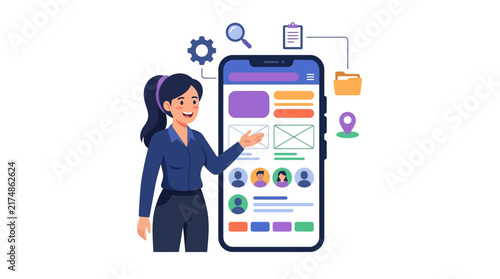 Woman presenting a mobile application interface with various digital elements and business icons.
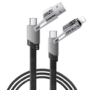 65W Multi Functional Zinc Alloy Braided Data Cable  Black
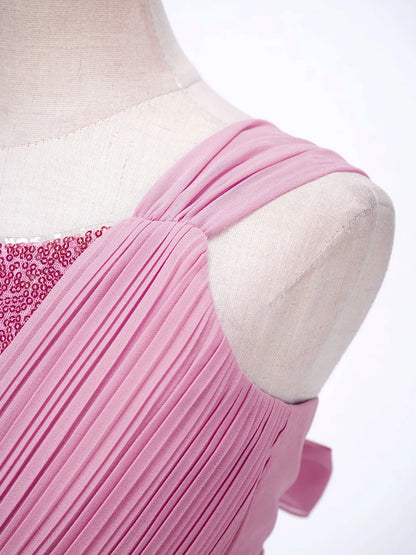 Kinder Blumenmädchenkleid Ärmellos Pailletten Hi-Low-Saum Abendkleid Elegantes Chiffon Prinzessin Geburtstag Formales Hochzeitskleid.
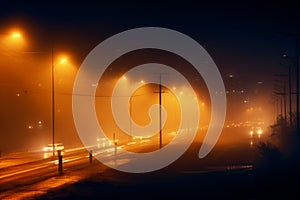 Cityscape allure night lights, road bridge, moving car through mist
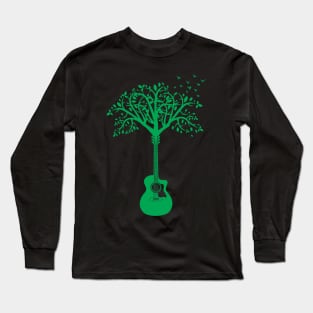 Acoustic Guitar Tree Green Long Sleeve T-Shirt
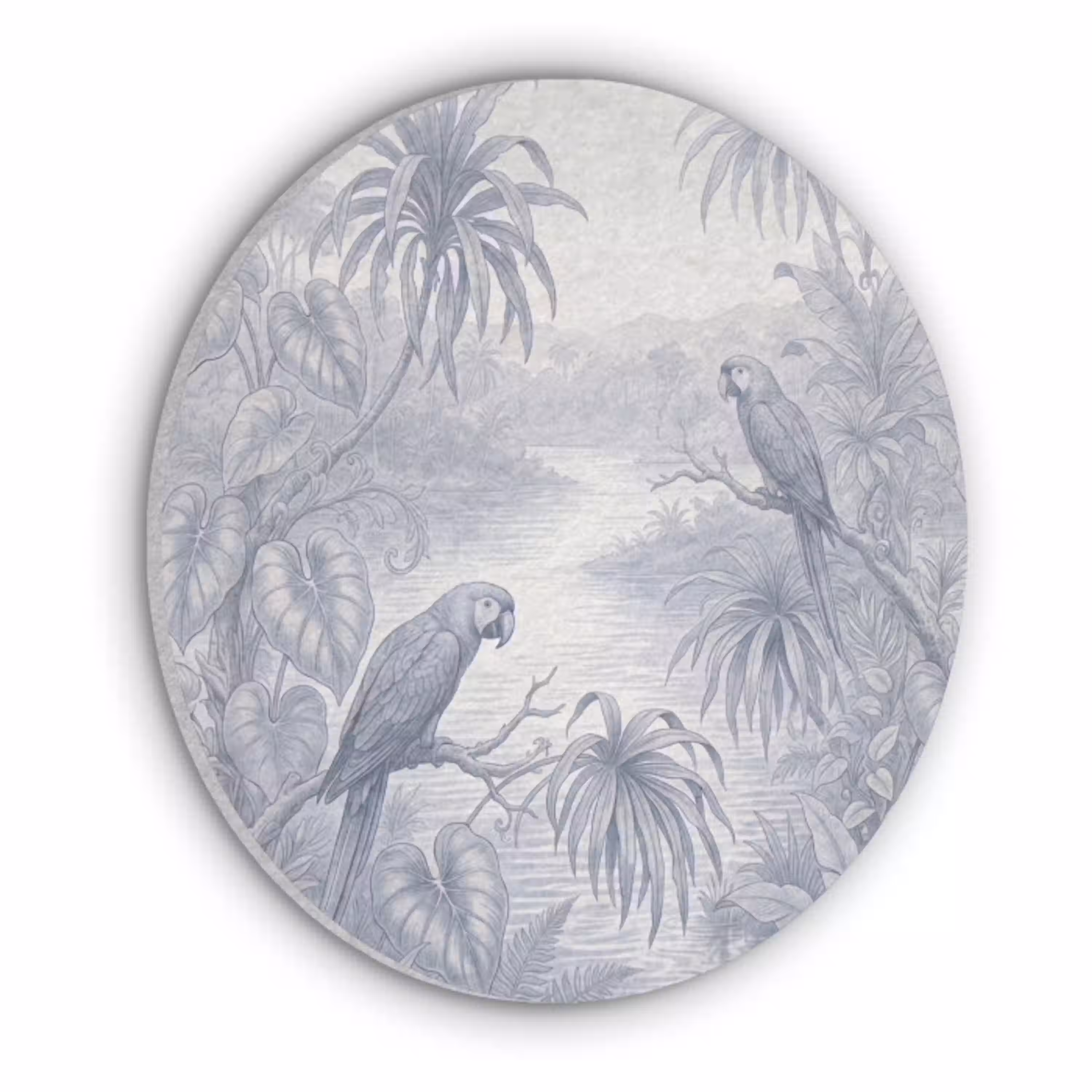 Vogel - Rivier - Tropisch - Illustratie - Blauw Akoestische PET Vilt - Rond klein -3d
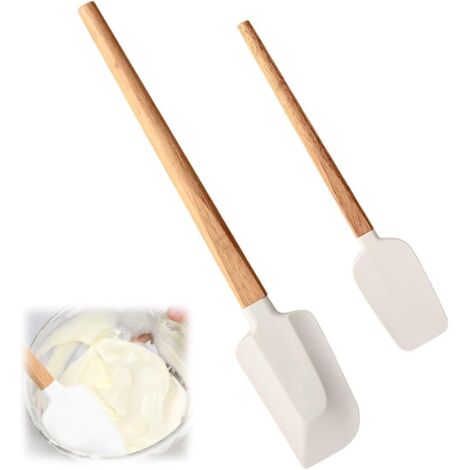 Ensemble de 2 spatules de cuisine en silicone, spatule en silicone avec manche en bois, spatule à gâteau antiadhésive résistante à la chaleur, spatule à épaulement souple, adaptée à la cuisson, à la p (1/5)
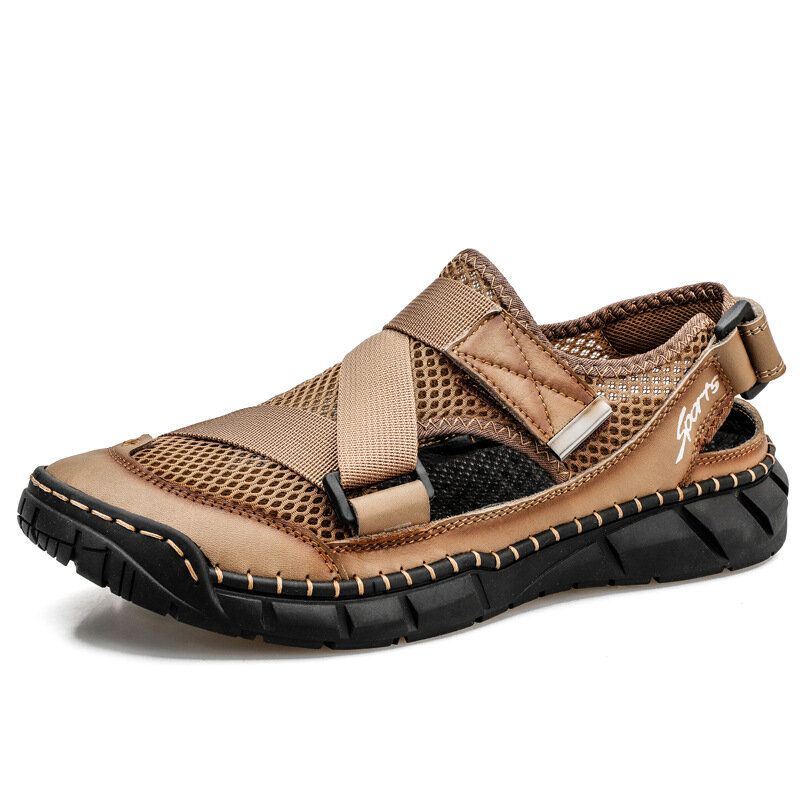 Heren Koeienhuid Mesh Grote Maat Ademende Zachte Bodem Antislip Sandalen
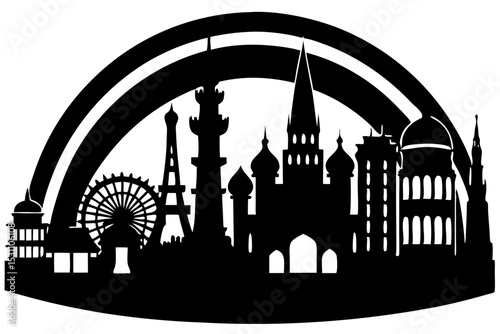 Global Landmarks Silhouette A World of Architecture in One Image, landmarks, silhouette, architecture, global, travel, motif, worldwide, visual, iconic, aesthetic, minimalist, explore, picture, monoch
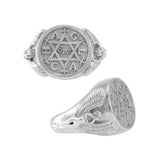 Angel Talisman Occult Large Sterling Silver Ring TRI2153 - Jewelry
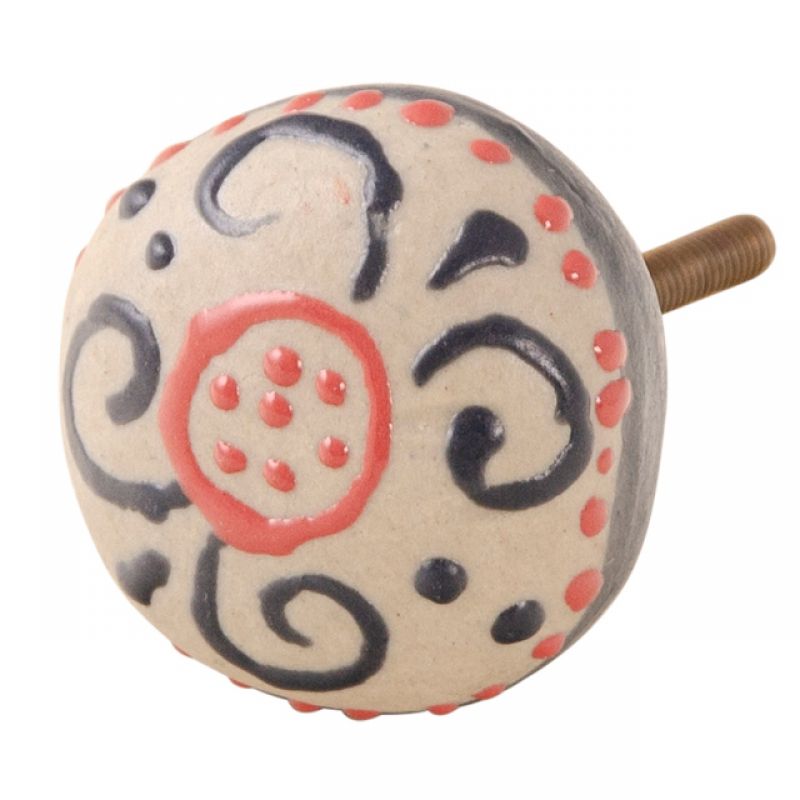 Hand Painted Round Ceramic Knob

_____

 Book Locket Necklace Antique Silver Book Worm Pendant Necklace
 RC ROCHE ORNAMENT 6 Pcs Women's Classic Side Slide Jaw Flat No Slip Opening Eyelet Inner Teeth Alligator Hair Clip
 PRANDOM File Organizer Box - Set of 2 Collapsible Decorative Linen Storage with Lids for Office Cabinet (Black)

_____

• _ABOUT THIS EXERCISE_
The answer must be the lines above from the one containing "Woman presenting a" through the one containing "Hand Painted Round Ceramic Knob", reproduced exactly, with no pictures and nothing else.

• _ANSWER TO THIS TASK_
 Woman presenting a mobile application interface with various digital elements and business icons.
 65W Multi Functional Zinc Alloy Braided Data Cable  Black
 Kinder Blumenmädchenkleid Ärmellos Pailletten Hi-Low-Saum Abendkleid Elegantes Chiffon Prinzessin Geburtstag Formales Hochzeitskleid.
 Cityscape allure night lights, road bridge, moving car through mist
 Acoustic Guitar Tree Green Long Sleeve T-Shirt
 Vogel - Rivier - Tropisch - Illustratie - Blauw Akoestische PET Vilt - Rond klein -3d
 Ensemble de 2 spatules de cuisine en silicone, spatule en silicone avec manche en bois, spatule à gâteau antiadhésive résistante à la chaleur, spatule à épaulement souple, adaptée à la cuisson, à la p (1/5)
 Heren Koeienhuid Mesh Grote Maat Ademende Zachte Bodem Antislip Sandalen
 Global Landmarks Silhouette A World of Architecture in One Image, landmarks, silhouette, architecture, global, travel, motif, worldwide, visual, iconic, aesthetic, minimalist, explore, picture, monoch
 Angel Talisman Occult Large Sterling Silver Ring TRI2153 - Jewelry
 Hand Painted Round Ceramic Knob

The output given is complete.